He no longer lived in the
white house but in the out-house in the same yard. That is to say,
Kailasam distanced himself from his conservative background without
leaving it completely. It was a small room which K.V.
Iyer, a friend of Kailasam, describes vividly:
God knows why the room
was so dirty. The only window was shut
tightly. The ventilator above it was covered with a
cardboard. No light was allowed inside the room. On
the floor was a torn mat with a
black hole, probably
caused by carelessly thrown cigarette butts.
Stretched on it was an old thin mattress. The pillow
was soaked in [hair] oil and dirt and had become
'pucca-waterproof'. It felt dirty even to brush it
with one's hands. In one corner was a broom, a
pair of shoes and a single slipper.... Another
corner had a hockey stick and a thick woolen overcoat.
Cigarette ash was strewn all over the room.

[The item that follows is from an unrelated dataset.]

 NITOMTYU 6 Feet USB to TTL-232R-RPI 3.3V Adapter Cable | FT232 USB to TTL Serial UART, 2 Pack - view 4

It
seemed ages since the room had been swept. (trans.
Iyer 1985, 55-56)
In flouting all the
basic criteria of good, clean living which his family and community
had taken for granted, the "room" became the first
symbol of Kailasam's rebellion against his orthodox background.
Kailasam had his own reason for living so. Not only does he
explain this, but he also provides, in his own peculiar phrasing, a
significant justification of his right to live in that manner:
One must become a
gutter-snipe. Then alone he can sit there and gaze at
the sky, and the sun, and the world around him. This
room has the right atmosphere and I can write things
from here. (trans, quoted in Iyer 1985,
94)
Perhaps he was right
to dream of becoming a "gutter-snipe". For 30 the "things"

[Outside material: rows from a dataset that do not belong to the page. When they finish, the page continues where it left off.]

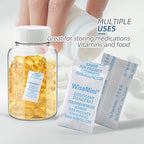 Silica Gel Packets, 0.5 Gram 2800 Silica Packets, Food Grade Dessicant, Dessicant Packs, Silica Gel for Food, Moisture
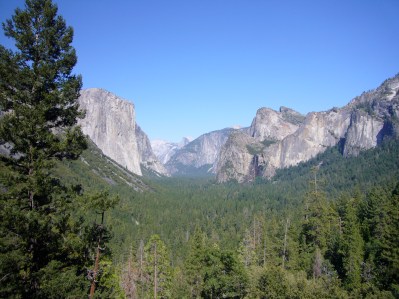 Valle de la Merced en el Parque nacional de Yosemite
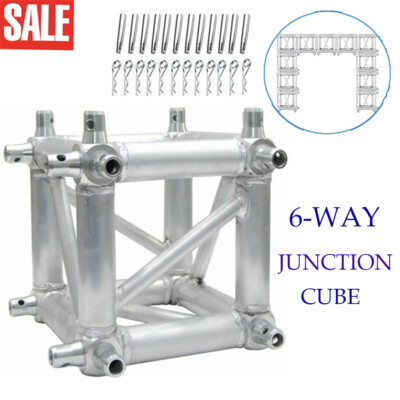 Fits Global Truss Universal 12'' Square Corner Junction Box Cube 2 Way-6 Way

he was to write in this room were to bring about a revolution in the then
existing Kannada theatre by questioning the presumption of
purity and sanctity in all that his class and caste did. In order to
comprehend this revolution, it is necessary
to understand the
state of Kannada theatre just before and during Kailasam's
time.
In his book
T.P.Kailasam (1984),
L.S. Sheshgiri Rao traces the period and
situation when Kailasam came into Kannada theatre in the
twentieth century. The Kannada theatre at that time was
dominated everywhere by professional troupes who drew their material,
the stories they dramatized, from traditional mythology. The plays
they staged were also didactic in tone and purpose. The main
intention behind these performances (besides providing
entertainment), was to convey or confirm the traditional values of
life. These performances were, towards the
end, considerably
influenced by Parsi theatre groups which toured all over India
during the nineteenth century, and which created appreciable
demand for spectacle and music. Sheshagiri Rao mentions how a
particular theatre group presented "real horses and elephants
on stage" (Rao 1984, 25).
Apparently, the intention of such
presentation was to make the stage realistic. However, such
elaborate stage settings, animals, and conventional melodrama besides a
"failure to recognize the role of the spectator's imagination
in the dramatic experience" (Rao 1984, 25) led to the
downfall of this theatre. Rao traces the birth of 'elitist' Kannada
theatre to this juncture in its history. The birth of the
elitist theatre (around 1925) was due to B.M. Srikantia or
Shri, popularly known as the father of the 31 Renaissance in Kannada
literature. Influenced by English literature, he consciously sought
to modernize Kannada literature.
His translation of
some of the English poems of the Romantic period into Kannada
marked the beginnings of the modern period in Kannada poetry.
Romantic poems seem to have held a special attraction because of
the ideology they represented in terms of the experiences of the
common man, the fierce defense it made for
freedom and
individualism, and the advocacy it gave for the use of common speech.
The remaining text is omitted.